Pas de mouvements, mais des lignes de fuite avec Damiens en inspecteur Nunuche qui veut aller à Paris. Bozon n'aime pas les films policiers sans imperfection comme les films d'Audiard qu'il juge trop froids. Damiens improvise des dialogues burlesques: un chef de gang doit être placide, le discours où il accumule des grands mots : équité, générosité, incorruptibilité..., son conseil, maintenant il n'y a plus qu'à manger... équilibré. C'est pour cette performance que Bozon l'a engagé suite à son observation des discours fous qui sont restés dans les chutes de La famille Wolberg.

Les ruptures de ton sont favorisées par le faible nombre de décors qui, comme dans les séries B américaines, rend les retours sur les mêmes lieux obsessionnels (lac, vent butte, deux petits immeubles douceur de la butte) C'est dans les détails que l'on retrouve la vérité d'une époque. La nouvelle vague était à ses début en phase avec son époque puis beaucoup moins. Mocky seule retrouvait cette adéquation avec son attention aux caisses de supermarché. Serge Bozon aime son humour agressif mais moins son point de vue surplombant. Il n'ya pas ici de bouffonnerie généralisée. Virginie Benamar en est ainsi totalement dénuée.

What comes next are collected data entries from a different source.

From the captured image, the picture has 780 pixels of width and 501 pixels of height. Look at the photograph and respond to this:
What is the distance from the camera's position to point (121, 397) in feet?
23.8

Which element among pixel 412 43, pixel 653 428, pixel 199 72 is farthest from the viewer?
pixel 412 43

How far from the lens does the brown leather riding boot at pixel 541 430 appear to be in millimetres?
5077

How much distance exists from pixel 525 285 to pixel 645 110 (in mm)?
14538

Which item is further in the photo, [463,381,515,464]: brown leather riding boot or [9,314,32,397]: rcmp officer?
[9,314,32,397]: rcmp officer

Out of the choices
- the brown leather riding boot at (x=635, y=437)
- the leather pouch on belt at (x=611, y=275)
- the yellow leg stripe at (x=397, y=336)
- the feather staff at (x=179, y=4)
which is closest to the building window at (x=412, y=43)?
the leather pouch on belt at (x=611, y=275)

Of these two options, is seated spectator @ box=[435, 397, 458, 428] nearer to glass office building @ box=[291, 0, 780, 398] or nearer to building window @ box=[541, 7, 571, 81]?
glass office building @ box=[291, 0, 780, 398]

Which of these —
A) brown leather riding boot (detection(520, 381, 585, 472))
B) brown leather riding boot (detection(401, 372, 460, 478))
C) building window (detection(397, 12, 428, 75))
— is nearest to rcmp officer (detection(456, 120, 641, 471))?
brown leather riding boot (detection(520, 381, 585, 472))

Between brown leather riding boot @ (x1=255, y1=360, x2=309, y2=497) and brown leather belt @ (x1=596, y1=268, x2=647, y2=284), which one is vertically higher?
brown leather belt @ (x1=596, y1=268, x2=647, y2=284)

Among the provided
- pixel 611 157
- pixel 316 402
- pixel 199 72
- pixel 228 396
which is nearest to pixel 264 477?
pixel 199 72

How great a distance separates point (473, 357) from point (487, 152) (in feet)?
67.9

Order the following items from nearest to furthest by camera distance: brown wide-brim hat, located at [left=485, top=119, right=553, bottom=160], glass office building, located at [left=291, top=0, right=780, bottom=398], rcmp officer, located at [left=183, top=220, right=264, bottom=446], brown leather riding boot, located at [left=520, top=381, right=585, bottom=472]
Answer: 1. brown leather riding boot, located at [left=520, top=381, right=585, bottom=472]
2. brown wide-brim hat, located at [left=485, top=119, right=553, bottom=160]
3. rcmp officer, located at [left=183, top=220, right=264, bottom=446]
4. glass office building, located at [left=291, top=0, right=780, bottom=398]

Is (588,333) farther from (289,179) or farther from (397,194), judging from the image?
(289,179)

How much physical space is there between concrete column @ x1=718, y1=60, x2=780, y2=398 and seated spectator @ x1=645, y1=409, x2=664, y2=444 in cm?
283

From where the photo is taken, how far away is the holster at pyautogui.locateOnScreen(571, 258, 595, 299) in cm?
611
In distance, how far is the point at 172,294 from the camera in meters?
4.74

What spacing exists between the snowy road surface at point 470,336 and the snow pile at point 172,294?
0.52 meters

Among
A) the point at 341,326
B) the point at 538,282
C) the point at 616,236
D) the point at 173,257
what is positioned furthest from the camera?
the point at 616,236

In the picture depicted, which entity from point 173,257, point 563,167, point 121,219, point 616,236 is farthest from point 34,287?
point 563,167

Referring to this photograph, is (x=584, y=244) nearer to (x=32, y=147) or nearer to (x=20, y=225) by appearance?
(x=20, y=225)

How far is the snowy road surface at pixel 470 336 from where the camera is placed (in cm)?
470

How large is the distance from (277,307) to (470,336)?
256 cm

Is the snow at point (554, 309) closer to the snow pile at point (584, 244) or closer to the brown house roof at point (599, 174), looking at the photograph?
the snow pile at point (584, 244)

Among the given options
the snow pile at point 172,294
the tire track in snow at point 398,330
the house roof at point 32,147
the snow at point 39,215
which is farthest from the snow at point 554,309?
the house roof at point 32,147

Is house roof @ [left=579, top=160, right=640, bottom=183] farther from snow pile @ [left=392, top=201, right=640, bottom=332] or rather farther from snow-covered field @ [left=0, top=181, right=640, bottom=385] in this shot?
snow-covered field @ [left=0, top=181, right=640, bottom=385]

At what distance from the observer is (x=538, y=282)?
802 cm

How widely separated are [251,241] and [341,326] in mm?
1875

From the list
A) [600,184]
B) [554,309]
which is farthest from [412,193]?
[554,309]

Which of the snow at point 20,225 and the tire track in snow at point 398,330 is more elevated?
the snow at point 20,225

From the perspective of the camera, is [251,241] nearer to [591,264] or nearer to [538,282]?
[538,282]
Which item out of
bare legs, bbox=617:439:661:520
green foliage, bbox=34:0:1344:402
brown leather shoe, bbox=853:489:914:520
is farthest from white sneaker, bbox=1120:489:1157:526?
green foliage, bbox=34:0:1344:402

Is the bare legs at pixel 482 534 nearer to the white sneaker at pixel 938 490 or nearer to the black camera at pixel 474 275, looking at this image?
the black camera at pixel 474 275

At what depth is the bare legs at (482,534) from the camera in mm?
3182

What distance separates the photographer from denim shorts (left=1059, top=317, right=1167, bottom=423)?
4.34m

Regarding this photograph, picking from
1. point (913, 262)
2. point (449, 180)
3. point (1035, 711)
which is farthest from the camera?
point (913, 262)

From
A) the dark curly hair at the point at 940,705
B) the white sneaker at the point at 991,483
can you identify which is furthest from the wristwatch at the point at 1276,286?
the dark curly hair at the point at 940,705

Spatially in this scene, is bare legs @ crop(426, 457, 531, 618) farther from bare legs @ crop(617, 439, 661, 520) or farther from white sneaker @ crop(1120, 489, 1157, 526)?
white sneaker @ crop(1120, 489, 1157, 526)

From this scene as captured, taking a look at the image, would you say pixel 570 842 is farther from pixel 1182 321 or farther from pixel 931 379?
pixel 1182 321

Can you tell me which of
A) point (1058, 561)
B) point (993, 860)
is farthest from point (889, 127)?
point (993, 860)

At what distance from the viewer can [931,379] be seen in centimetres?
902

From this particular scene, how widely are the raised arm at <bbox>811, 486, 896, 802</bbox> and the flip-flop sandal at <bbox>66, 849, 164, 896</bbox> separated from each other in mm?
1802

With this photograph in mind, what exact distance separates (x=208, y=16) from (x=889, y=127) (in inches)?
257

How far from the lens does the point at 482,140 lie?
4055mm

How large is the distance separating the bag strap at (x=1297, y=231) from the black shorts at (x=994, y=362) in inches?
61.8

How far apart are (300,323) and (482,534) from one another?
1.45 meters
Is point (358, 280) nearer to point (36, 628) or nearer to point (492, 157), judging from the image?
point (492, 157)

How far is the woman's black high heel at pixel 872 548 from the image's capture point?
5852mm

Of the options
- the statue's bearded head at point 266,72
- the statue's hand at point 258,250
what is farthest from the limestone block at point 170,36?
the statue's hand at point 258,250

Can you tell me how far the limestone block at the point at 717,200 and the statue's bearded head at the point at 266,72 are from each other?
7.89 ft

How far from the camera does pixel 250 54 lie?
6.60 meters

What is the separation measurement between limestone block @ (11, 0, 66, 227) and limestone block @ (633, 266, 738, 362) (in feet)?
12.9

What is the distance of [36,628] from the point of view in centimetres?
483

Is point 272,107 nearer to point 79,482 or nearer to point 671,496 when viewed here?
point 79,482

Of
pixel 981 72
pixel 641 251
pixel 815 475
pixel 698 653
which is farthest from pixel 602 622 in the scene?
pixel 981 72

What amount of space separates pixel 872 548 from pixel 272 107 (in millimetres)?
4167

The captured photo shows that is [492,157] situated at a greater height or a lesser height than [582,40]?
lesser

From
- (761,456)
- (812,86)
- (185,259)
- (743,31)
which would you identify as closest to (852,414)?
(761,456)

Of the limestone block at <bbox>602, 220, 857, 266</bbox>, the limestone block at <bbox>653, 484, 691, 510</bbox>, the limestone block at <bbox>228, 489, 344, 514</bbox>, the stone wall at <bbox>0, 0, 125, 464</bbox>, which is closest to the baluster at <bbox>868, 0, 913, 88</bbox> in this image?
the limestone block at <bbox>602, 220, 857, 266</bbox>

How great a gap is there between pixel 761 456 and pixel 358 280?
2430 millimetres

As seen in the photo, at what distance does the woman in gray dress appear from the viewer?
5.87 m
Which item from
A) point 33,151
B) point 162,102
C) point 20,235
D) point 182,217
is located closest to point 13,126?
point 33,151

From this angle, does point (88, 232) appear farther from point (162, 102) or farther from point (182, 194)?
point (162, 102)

Film tourné intégralement en Belgique et au Luxembourg. Pas de musique hors de la chanson turque entendue in et musique du téléphone car proposer un compositeur luxembourgeois donne 15 points pour accéder au financement.


Contrôleur général plus grand accent arabe parle fort avec "c'est tout" refuser qu'un acteur fasse son numéro. Trio nordique teint clairs et taches de rousseur.
Atmosphère onirique comme Bellamy rêverie imagination rêve et réalité. Les quatre gouttes de sang qui tombe du nez d'Isabelle Huppert sont réalisées par effet numérique. Un seul gros plan sur "Je crois que je ne vais pas réussir à vous déplacardiser"

Le film ne recherche ni l'élégance hollywoodienne (juste une reprise d'un raccord de Berlin express après le passage du bus comme ici après le passage du RER) ni une comédie pour beaufs. Quelque chose de plus aride et rendu tel par la suppression de 30 pages de scénario une semaine de tournage en moins.